Green Book was the winner of Best Picture and Best Original Screenplay at the Academy Awards in 2019, a curious feat particularly because its director and co-writer, Peter Farrelly, had spent most of his career previously directing broad, gross-out romantic comedies such as There's Something About Mary, Dumb & Dumber, and Shallow Hal. Many were surprised when Farrelly, who had never been nominated for an award, took one home for a feel-good redemption drama about race relations in 1960s America.
In addition to directing the film, Farrelly co-wrote the screenplay with Tony Vallelonga's son Nick Vallelonga and Brian Hayes Currie. Currie, a friend of Farrelly's, brought the premise to Farrelly and asked if he'd like to collaborate. "I was like, 'That's the best story I've ever heard! Can I write it with you?'" Farrelly told Newsweek. Filming took place in New Orleans in November 2017. Peter Farrelly fought against preconceptions about his work throughout production and marketing for the film, telling Newsweek, "People didn't know what I would do with this material. It was an uphill battle." Indeed, the studio and Farrelly were so worried about this misperception of Farrelly's style that they omitted his name from the initial trailer for the film.
In addition to fighting preconceptions about his relationship to genre, Farrelly faced a huge backlash after the release of the film from viewers who criticized its depiction of race relations, its recapitulation of the "white savior" trope, and even criticism from the real Don Shirley's family. In his review of the film, A.A. Dowd of AV Club wrote, "Intentionally or not, it flatters the delusion that racism, in its ugliest form, is more of a past-tense problem" and The New Yorker's Richard Brody wrote, "Humor... keeps the movie floating, weightlessly, above the appalling bedrock of its ponderous assumptions." Many felt that it flattened and anesthetized racial realities that were far more complicated than it acknowledged, and thus shirked responsibility for its historical background. Meanwhile, Don Shirley's family suggested that no such friendship existed between the two men, and called the film a "symphony of lies."

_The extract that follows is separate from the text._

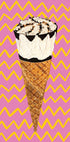 Cornetto Pink Plakat - Posterbox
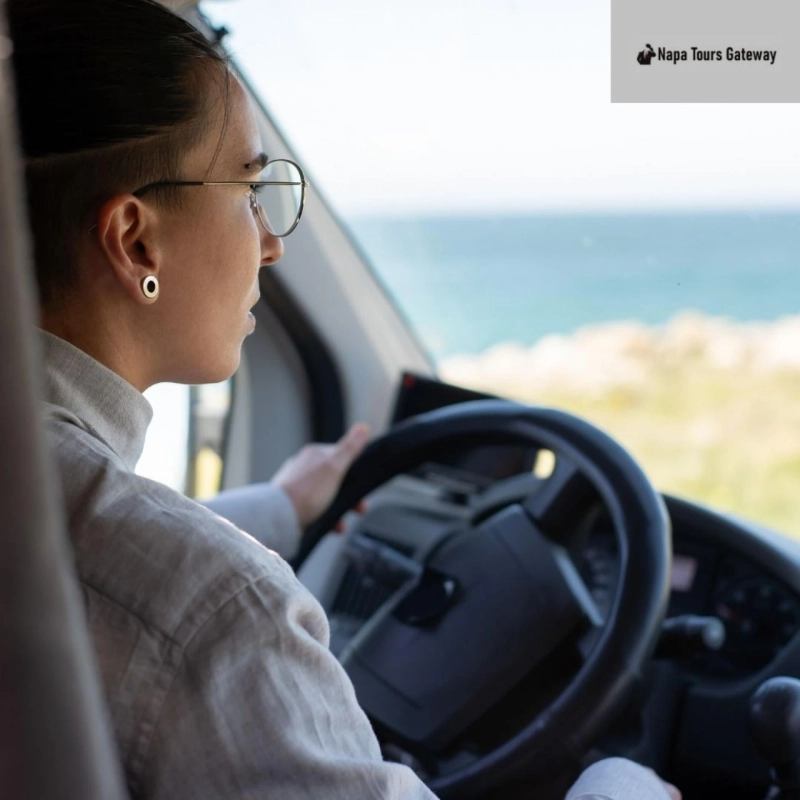 Luxury Wine Tours with a Napa Private Driver Experience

To counteract these criticisms, Farrelly revealed an audio recording from Lost Bohemia, a documentary in which Don Shirley says, "I trusted [Vallelonga] implicitly. See, Tony got to be, not only was he my driver, we never had an employer-employee relationship. We didn’t have time for that. My life was in this man’s hands. Do you understand me? So we got to be friendly with one another. I taught him things because he couldn’t talk, he was one of those Lower East Side Italians who had jowls like a bulldog.” In an interview with Vanity Fair, Farrelly said he tried to get in touch with Shirley's family, but adds, "I wish I could have talked to the family earlier...But I don’t think it would have changed the story, because we were talking about a two-month period [of Vallelonga and Shirley on the road together]. Those were the only people that were there. . . . I would have just let [the family] know as a courtesy that we are making this movie.”